THE DATA:
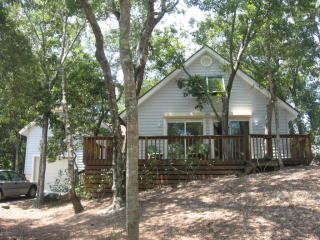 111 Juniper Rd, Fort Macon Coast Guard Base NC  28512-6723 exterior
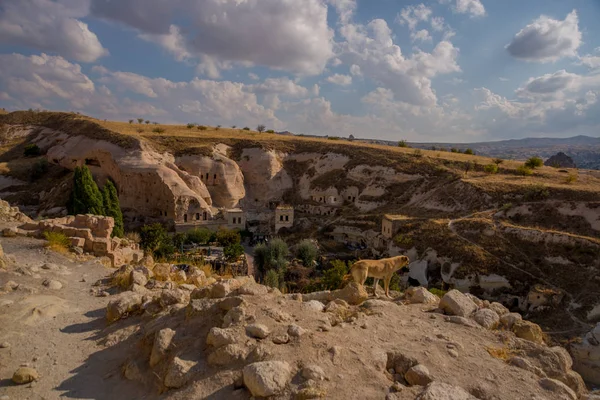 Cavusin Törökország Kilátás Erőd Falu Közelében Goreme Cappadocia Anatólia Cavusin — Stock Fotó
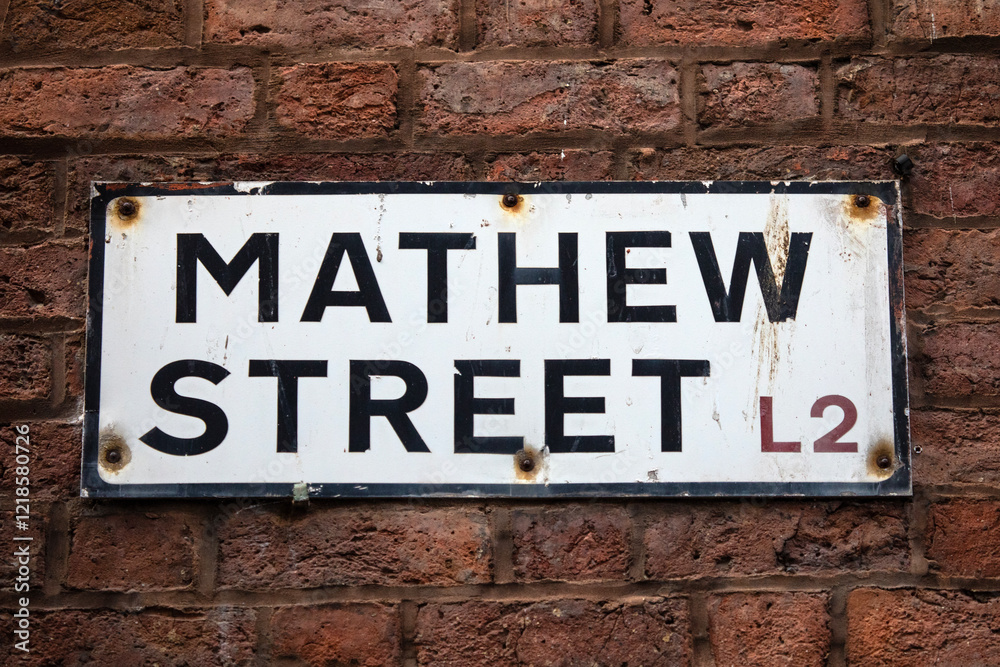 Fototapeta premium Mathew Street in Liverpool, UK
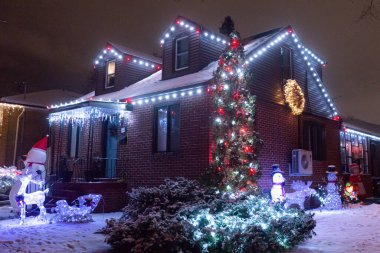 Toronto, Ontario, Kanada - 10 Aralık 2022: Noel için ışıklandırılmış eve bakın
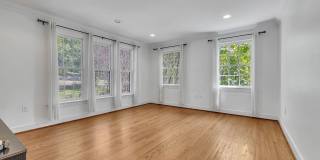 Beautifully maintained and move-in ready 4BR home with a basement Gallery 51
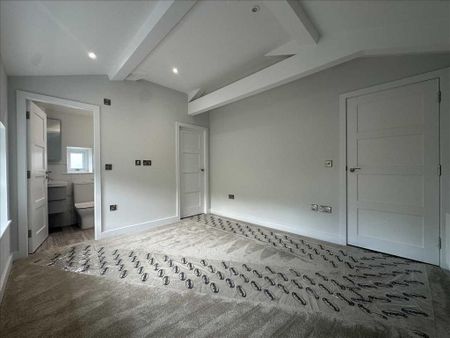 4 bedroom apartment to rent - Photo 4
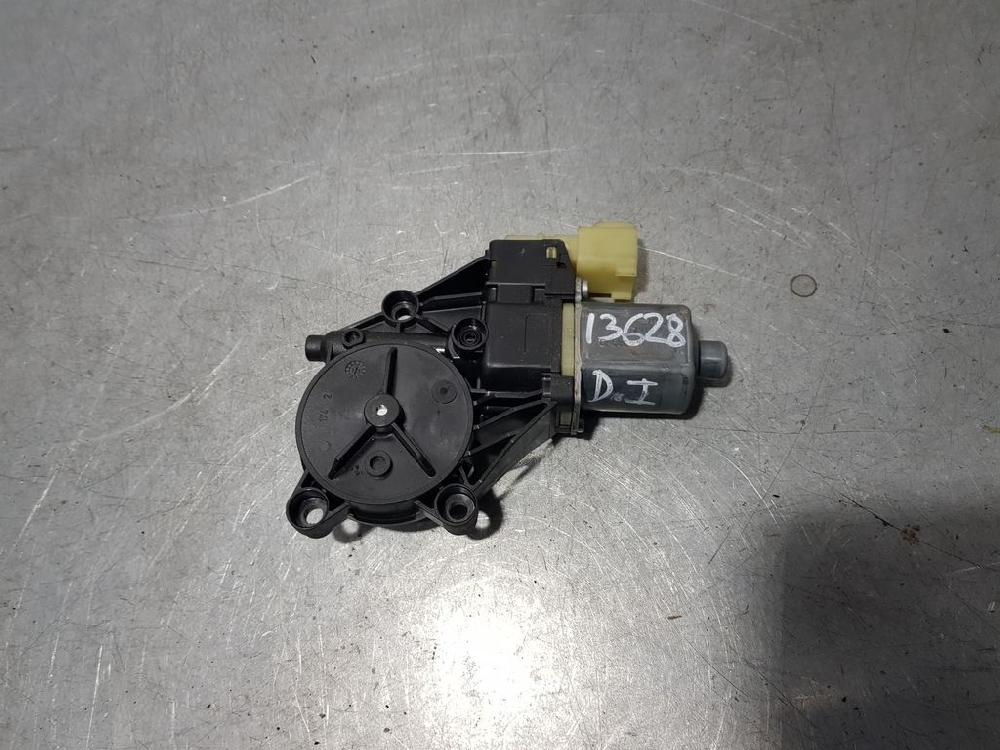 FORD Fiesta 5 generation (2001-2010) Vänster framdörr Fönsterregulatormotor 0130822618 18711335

REQUIREMENT: Every line of the listing above is to be retyped exactly, but the pictures are to be dropped.

RESPONSE TO THIS TASK:
 111 Juniper Rd, Fort Macon Coast Guard Base NC  28512-6723 exterior
 Cavusin Törökország Kilátás Erőd Falu Közelében Goreme Cappadocia Anatólia Cavusin — Stock Fotó
 Fototapeta premium Mathew Street in Liverpool, UK
 Toronto, Ontario, Kanada - 10 Aralık 2022: Noel için ışıklandırılmış eve bakın
 Beautifully maintained and move-in ready 4BR home with a basement Gallery 51
 4 bedroom apartment to rent - Photo 4
 FORD Fiesta 5 generation (2001-2010) Vänster framdörr Fönsterregulatormotor 0130822618 18711335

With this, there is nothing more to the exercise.